Aim of the task
A complete and exact copy of the data below is required.

Data in this exercise
Content starts

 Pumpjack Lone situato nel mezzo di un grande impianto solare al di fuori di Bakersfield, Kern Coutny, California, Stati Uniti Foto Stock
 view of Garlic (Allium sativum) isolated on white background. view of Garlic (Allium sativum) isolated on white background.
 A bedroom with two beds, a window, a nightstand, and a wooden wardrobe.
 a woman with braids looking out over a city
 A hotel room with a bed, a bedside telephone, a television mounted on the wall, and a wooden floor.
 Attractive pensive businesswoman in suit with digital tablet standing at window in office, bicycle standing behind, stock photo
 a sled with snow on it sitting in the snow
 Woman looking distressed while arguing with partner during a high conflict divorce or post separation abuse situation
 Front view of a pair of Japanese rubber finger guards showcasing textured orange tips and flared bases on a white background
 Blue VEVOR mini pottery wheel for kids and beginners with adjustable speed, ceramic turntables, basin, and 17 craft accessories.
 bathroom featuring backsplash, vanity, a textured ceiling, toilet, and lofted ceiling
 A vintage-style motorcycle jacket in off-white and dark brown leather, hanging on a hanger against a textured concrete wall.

Content ends

Answer to the exercise
 Pumpjack Lone situato nel mezzo di un grande impianto solare al di fuori di Bakersfield, Kern Coutny, California, Stati Uniti Foto Stock
 view of Garlic (Allium sativum) isolated on white background. view of Garlic (Allium sativum) isolated on white background.
 A bedroom with two beds, a window, a nightstand, and a wooden wardrobe.
 a woman with braids looking out over a city
 A hotel room with a bed, a bedside telephone, a television mounted on the wall, and a wooden floor.
 Attractive pensive businesswoman in suit with digital tablet standing at window in office, bicycle standing behind, stock photo
 a sled with snow on it sitting in the snow
 Woman looking distressed while arguing with partner during a high conflict divorce or post separation abuse situation
 Front view of a pair of Japanese rubber finger guards showcasing textured orange tips and flared bases on a white background
 Blue VEVOR mini pottery wheel for kids and beginners with adjustable speed, ceramic turntables, basin, and 17 craft accessories.
 bathroom featuring backsplash, vanity, a textured ceiling, toilet, and lofted ceiling
 A vintage-style motorcycle jacket in off-white and dark brown leather, hanging on a hanger against a textured concrete wall.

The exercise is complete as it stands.